15 to 23 August 2018
Herceg Novi to Sveti Marko, N42° 24.54’ E18° 41.49’, 9nm, 1 hour 30
to Donji Moranj, N42° 29.4’ E18° 39.4’, 7nm, 1 hour 30
to Kotor, N42° 25.5’ E18° 46.4’, 7nm, 1 hour 30
to Uvala Ljuta, N42° 29.33’ E18° 45.69’, 4nm, 1 hour
to Kotor, N42° 25.5’ E18° 46.4’, 4nm, 1 hour
We had been told, by the guide books and others who have visited, that the Bay of Kotor was beautiful. We’ve seen lots of beautiful places on these adventures and it’s getting harder to impress us.
But entering the bay we realised we were somewhere very special indeed. Byron (yep, him again – apparently no other poets are available!) described it as “the beautiful merging of land and sea” and he was right. We were literally surrounded by mountains, which when you live at sea level is a pretty unusual thing! And the deeper we went into the bay the higher the mountains got and the closer they were.
The mountains gave the best of backdrops to the tiny islands dotted around, like the island of Otok with its church and monastery.
We spent two nights anchored off the very mysterious and uninhabited island of Sveti Marko. Approaching it we could make out lots of small but derelict huts amongst the trees as though its former population had abandoned it and nature had reclaimed it. We learnt that it had once been a holiday camp built in the 1960s but disused since the war of the 1990s.
Our anchorage was popular during the day but by night it was just us, Red Rackham and a boat that had rafted up to an abandoned landing craft closer to the shore.
On our first afternoon we got a taste of the changeable weather the mountains can bring. Suddenly the skies darkened and the wind blew up. I noticed that our dinghy was floating away and quickly got in to retrieve it. All I’ll say is that whilst I am usually responsible for securing the dinghy, on this occasion another member of the crew had done it but I’m not naming names!
The wind brought by the storm reeked more havoc for Red Rackham. Finding themselves blown too close to the shore they had to reanchor in the growing dark and pouring rain. We were glad to wake up in the morning to find the sun out and them still there.
Before we left Sveti Marko we had time to explore the island. Or rather we tried to. We were able to land close to the crumbling restaurant, its former tables and benches looking more like a graveyard.

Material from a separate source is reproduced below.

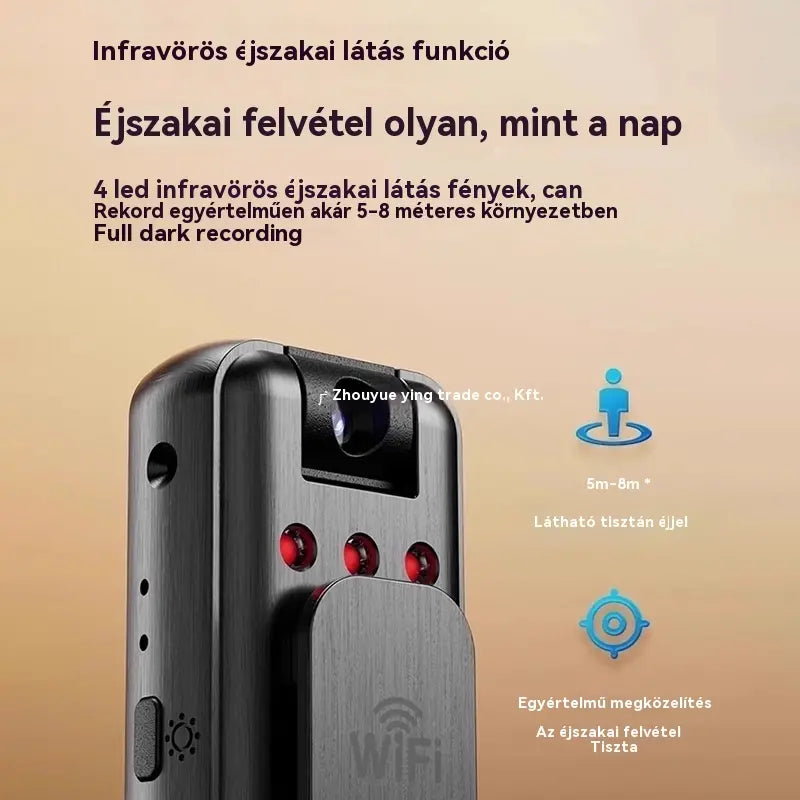 🔥【Időkorlátozott ajánlat!】⏳HD kamera, hordozható mellkasra rögzíthető felvevő, professzionális akciókamera.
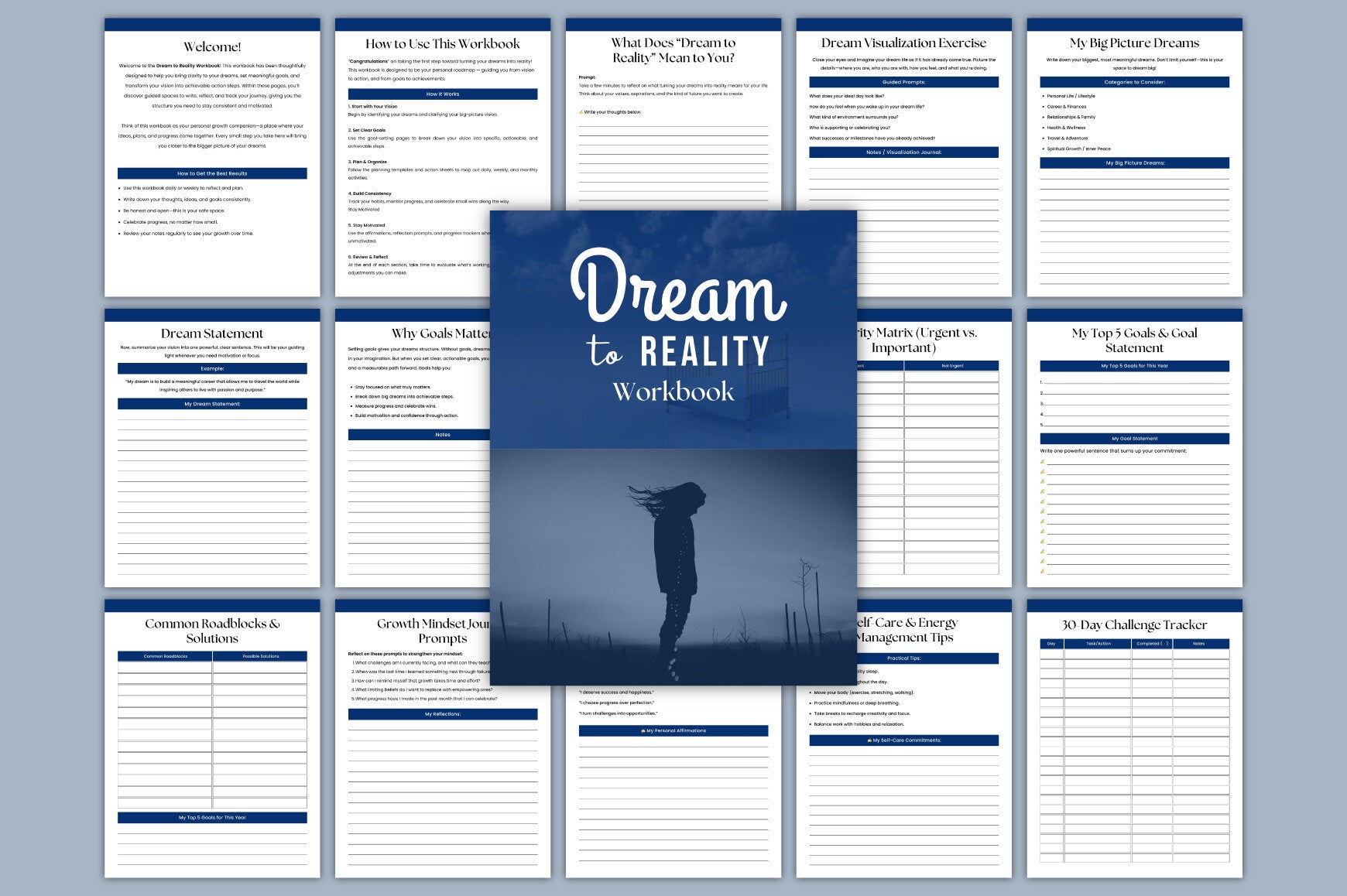 Dream to Reality Workbook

A flight of steps took us up towards some of the huts but the undergrowth was just too thick to get anywhere.
So we had to make do with a short wander around the waters edge instead.
After a couple of days we moved deeper into the bay through a narrow channel crossed by constant car ferries to anchor off a village nestled under the mountains.
Donji Moranj is not much more than a cluster of stone houses built along the rivers and streams that bring still ice cold water off the mountains. When swimming we could feel the mixing of the ice cold fresh water with the warmer salt water. There were certainly some very bracing patches and we had to swim faster to keep warm.
Up one of the streams we found a wonderful old mill turned restaurant, Catovica Mlini, set in gorgeous surroundings and home to lots of ducks and geese. The food and company weren’t bad either.
Between Donji Moranj and Kotor, just off the town of Perast, are two tiny islands. The first is an entirely man made island built after a vision of Mary appeared on some rocks in the 15th century and called Our Lady of the Rocks. Over the years, by throwing stones and sinking old boats, the island and church grew into the Baroque building that stands today. The second island, a natural stone reef, is home to a small Benedictine abbey.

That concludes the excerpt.